Here is an edited transcript of that discussion.

Question: If there was going to be a Nuclear Posture Review in the future, what would you like to see accomplished?

MR. MILLER:  If there’s a Nuclear Posture Review, and I’ve testified to this in front of the Senate, I think it should be very, very different from the ones that we’ve had in the past.  I don’t believe in a congressionally mandated Nuclear Posture Review.  The most successful Nuclear Posture Review that was ever held was held between 1989 and 1991 in the Defense Department, and it resulted — it didn’t go in with this intention, but it resulted in a much improved war plan and a 65 percent cut in our deployed weapons requirements.

When you have all the publicity and hoopla surrounding a Nuclear Posture Review, you create expectations that things have to change.  In fact, if you go back and look historically, even though some administrations back in the ‘60s — you know, we went from “strategic sufficiency” to “essential equivalence” and all that — suggested that our policy changed each time a new administration came in, it didn’t happen.  U.S. nuclear policy has been remarkably consistent.  There’s been some play on the margins with regard to which programs to have in it, but the policy has been consistent.  And it’s important that we demonstrate consistency and not raise expectations for change, unless of course radical change would be called for.

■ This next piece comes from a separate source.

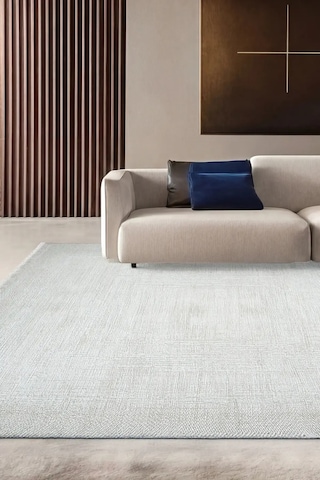 Hoom Rugs Doku 2103 Krem Modern Salon Halısı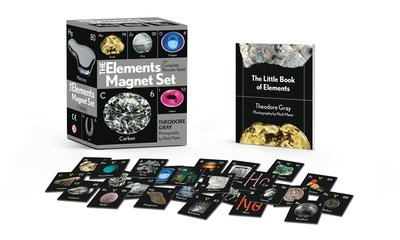 Cover for Theodore Gray · The Elements Magnet Set: With Complete Periodic Table! (Book) (2020)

But I think the Nuclear Posture Review, such as it is, ought to be conducted within the Pentagon by civilian and military officials.  It ought to be briefed to the secretary of Defense and the secretary ought to take any recommendations coming from that to the president, vice president, the national security adviser, you can bring in the secretary of State.  And then, and only then, once we’ve established what our nuclear deterrent requirements are, then you bring in the NSC and the State Department to talk about arms control.

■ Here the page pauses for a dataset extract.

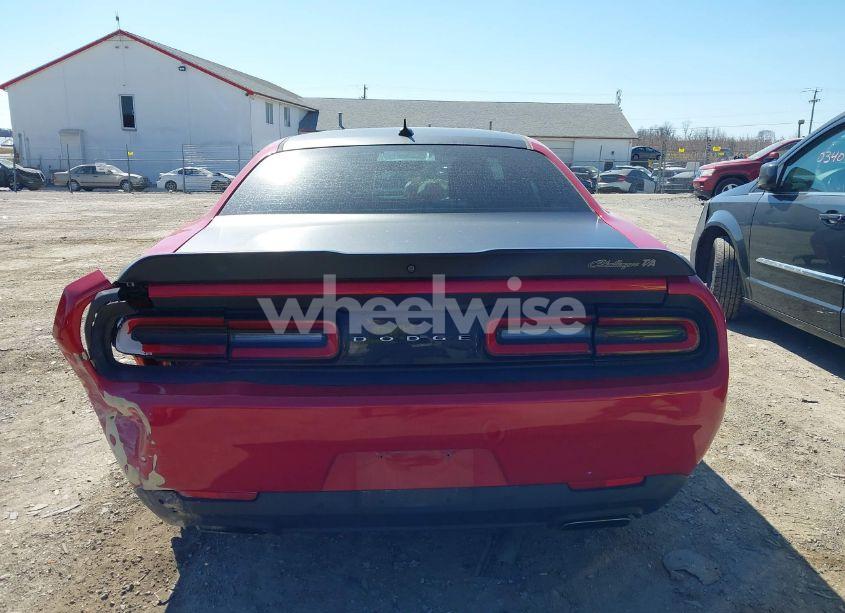 Photo 16 of 2017 Dodge Challenger T/A PLUS (VIN 2C3CDZBT8HH601004)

I think that Nuclear Posture Reviews that start with the State Department and the NSC staff present, and whose primary objective is nonproliferation or arms reductions, start in exactly the wrong direction.  The nuclear posture of the United States is supposed to ensure, to our best capability to understand it, what our nuclear deterrent posture is, and then we move on from there.  So if I were advising anybody, I would say do it quietly, do it quickly, get it out of the way, brief it, and if there’s something there to roll out, roll it out; and if there isn’t, don’t.

The ‘89′ to ‘91 experience was dramatic.  The only time it was rolled out was when George H. W. Bush said something in his State of the Union message in 1992 when he said, “We’re going to propose to Gorbachev that we eliminate all land-based MIRVs.”  That review produced the biggest single cut in our weapons requirements, and it was a deterrence-based review.

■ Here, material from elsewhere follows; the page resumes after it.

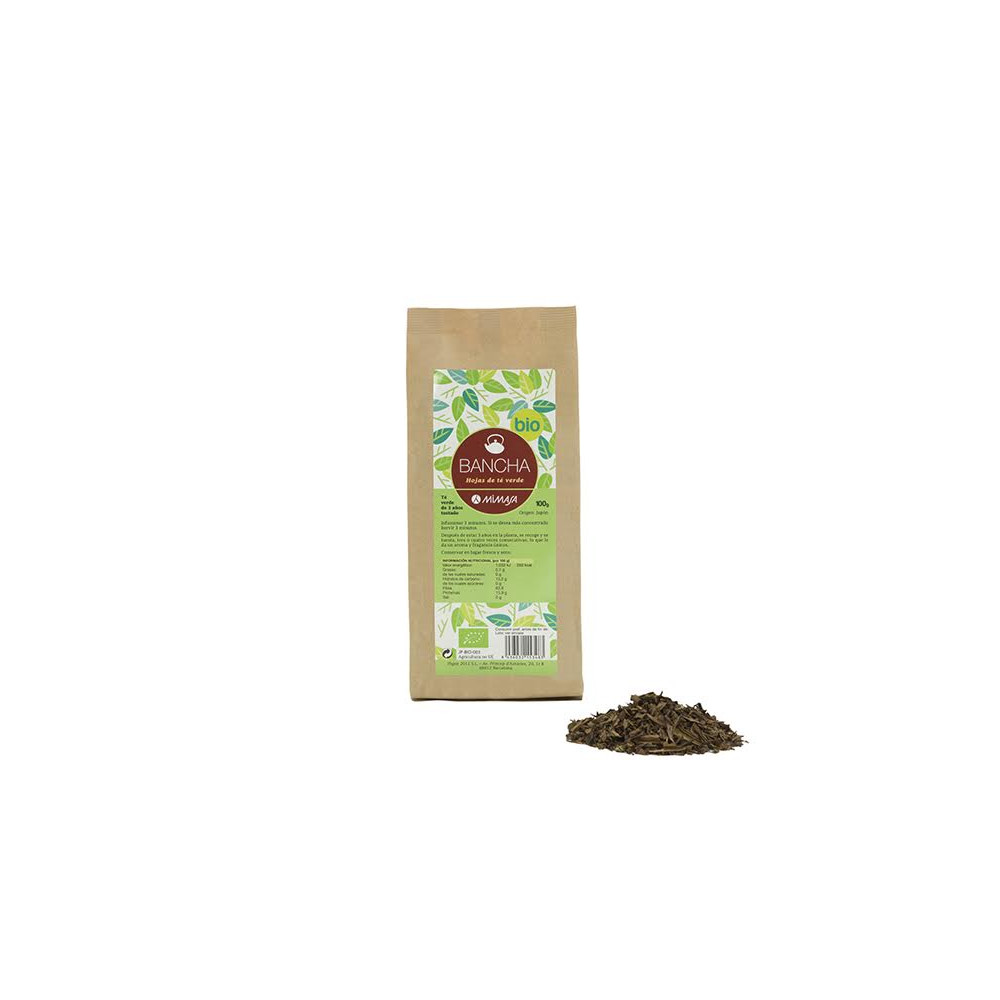 TE BANCHA 100 GR BIO MIMASA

Question: Do you think that minimum deterrence and extended deterrence are mutually exclusive concepts, and if so to what extent?

MR. MILLER:  Yes I do, I do.  Look, I’m sorry, I’ve got to go back to the other question.  If we’re going to get out of NATO because it’s a useless, obsolete, freeloading organization, and the Japanese and South Korean governments are going to have their own nuclear weapons, we don’t have to worry about minimum deterrence.  But if you don’t like that world, you have to have extended deterrence.

Extended deterrence means that you have to do two things.  You have to have sufficient forces and capabilities and plans to convince potential adversaries that attacking our allies is a very bad thing to do and that they will end up on the wrong end of history should they do so.  And, you have to have sufficient forces, plans, capabilities and transparency — transparency with our allies, so that they have confidence that we are in fact there to protect them.

You cannot do that with a minimum deterrent force.  There are academic volumes this high on minimum deterrence, but at the end of the day it turns out to be reduced to city busting.  I’m not comfortable with city busting.  I don’t think that’s necessarily a good deterrent because it gets into the whole notion — I’m sorry, I’m going to carry this question a lot further than you asked.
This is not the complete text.